Managing Distractions For Better Time Management
In a year each of us will have the same 365 days to advance our dreams, but many of us will be interrupted in the normal flow of our work to such an extent that the time lost to these interruptions will reach – or exceed – the equivalent of 30 days of our life.
If you would like to cut your losses to the minimum when it comes to interruptions, then develop a simple process for managing what has become in our age of instant communication, an increasing flood of low priority contacts.
The average office worker suffers around 2 hours of distractions every working day in the form of emails, phone calls, technical glitches, errors, drop-bys (co-workers, reps, canvassers) and a host of others.
A study by the London Institute of Psychiatry found constant disruption from emails and phone calls had a greater negative effect on IQ than smoking marijuana or drinking alcohol.
It seems that once our attention span is disrupted, it takes us time to regain our previous train of thought and, if you are interrupted again while trying to remember what it was you were meant to be doing, you might as well call it quits!
A University of California study found that more than 20 percent of interrupted tasks were not resumed the same day – probably for that last reason!
Decision point: Do nothing different this year, and continue to be prey to distractions and interruptions; or adopt some simple and effective processes for minimising their impact on you.
Nine Ways to Cut Distractions
- Set goals; write them out; place them in plain view of your work position. Refer to them often, especially when recovering from an interruption!
- Learn to distinguish between that which is immediate (emails, phone calls) and that which is urgent (crises, hot opportunities, good long term planning, sales) – then focus on the ‘urgents’ and manage the ‘immediates’ at a time of your choosing.

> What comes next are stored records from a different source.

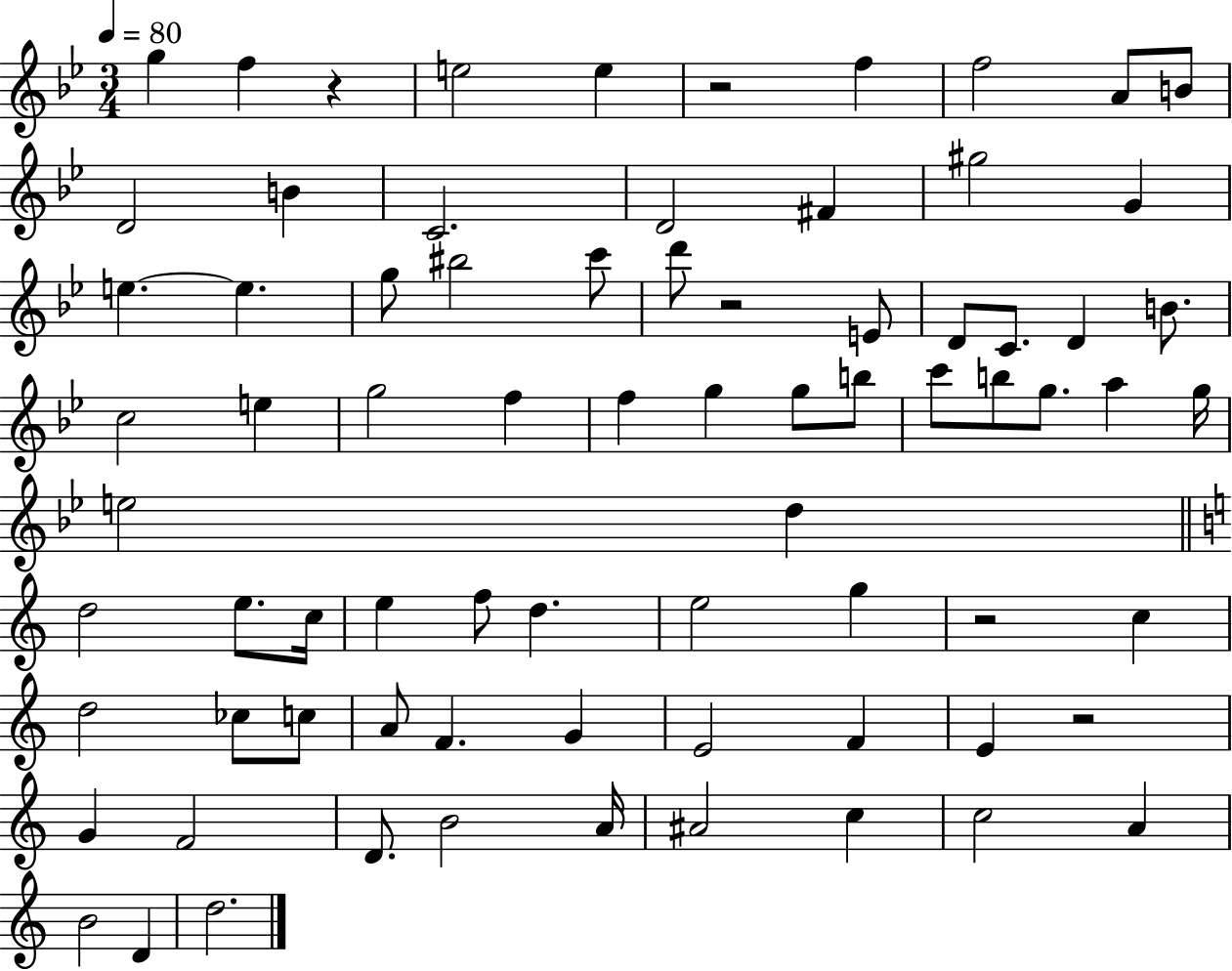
{
  \clef treble
  \numericTimeSignature
  \time 3/4
  \key bes \major
  \tempo 4 = 80
  g''4 f''4 r4 | e''2 e''4 | r2 f''4 | f''2 a'8 b'8 | \break d'2 b'4 | c'2. | d'2 fis'4 | gis''2 g'4 | \break e''4.~~ e''4. | g''8 bis''2 c'''8 | d'''8 r2 e'8 | d'8 c'8. d'4 b'8. | \break c''2 e''4 | g''2 f''4 | f''4 g''4 g''8 b''8 | c'''8 b''8 g''8. a''4 g''16 | \break e''2 d''4 | \bar "||" \break \key c \major d''2 e''8. c''16 | e''4 f''8 d''4. | e''2 g''4 | r2 c''4 | \break d''2 ces''8 c''8 | a'8 f'4. g'4 | e'2 f'4 | e'4 r2 | \break g'4 f'2 | d'8. b'2 a'16 | ais'2 c''4 | c''2 a'4 | \break b'2 d'4 | d''2. | \bar "|."
}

- (I loved this one!) Cut two centimetres off the front legs of your Client chairs. It’s not noticeable, but makes them just uncomfortable enough to keep visits short!
- Always stand to talk to someone who has interrupted you. They won’t get comfortable and settle in for a chat, and you are signalling that this is an interruption.

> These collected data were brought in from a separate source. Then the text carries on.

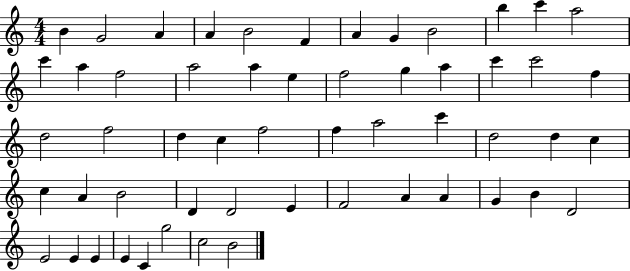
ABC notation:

X:1
T:Untitled
M:4/4
L:1/4
K:C
B G2 A A B2 F A G B2 b c' a2 c' a f2 a2 a e f2 g a c' c'2 f d2 f2 d c f2 f a2 c' d2 d c c A B2 D D2 E F2 A A G B D2 E2 E E E C g2 c2 B2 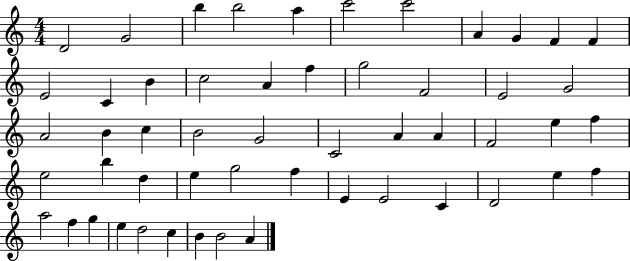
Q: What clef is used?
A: treble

- Split the Hour. Gain an agreement with work colleagues that you are not available for the first or second half of each hour, and ask them to record calls and contacts that occur in “your” half hour. When your half hour is up, look over and prioritise the cued tasks, and handle them in priority order. No one will wait long for your attention, but you will have 8 uninterrupted half hours in which to chisel away at your “real tasks”.
- Particularly in open-plan offices, face your desk away from the flow of people, so no one can catch your eye.
- Put a clock in plain view of visitors and check it while you are talking. Even done subtly, this will have the subconscious effect of moving people on.
- If an interruption is likely to take longer than two minutes, add it to your Daily Task Sheet, give it a priority relative to your other tasks – inform the interrupter of where it sits in the pile – and return to the task at hand.
- Work from your Daily Task Sheet to keep an overall track of where you are up to. When interrupted, develop the habit of jotting down what you were doing as soon as you are interrupted and before beginning your response.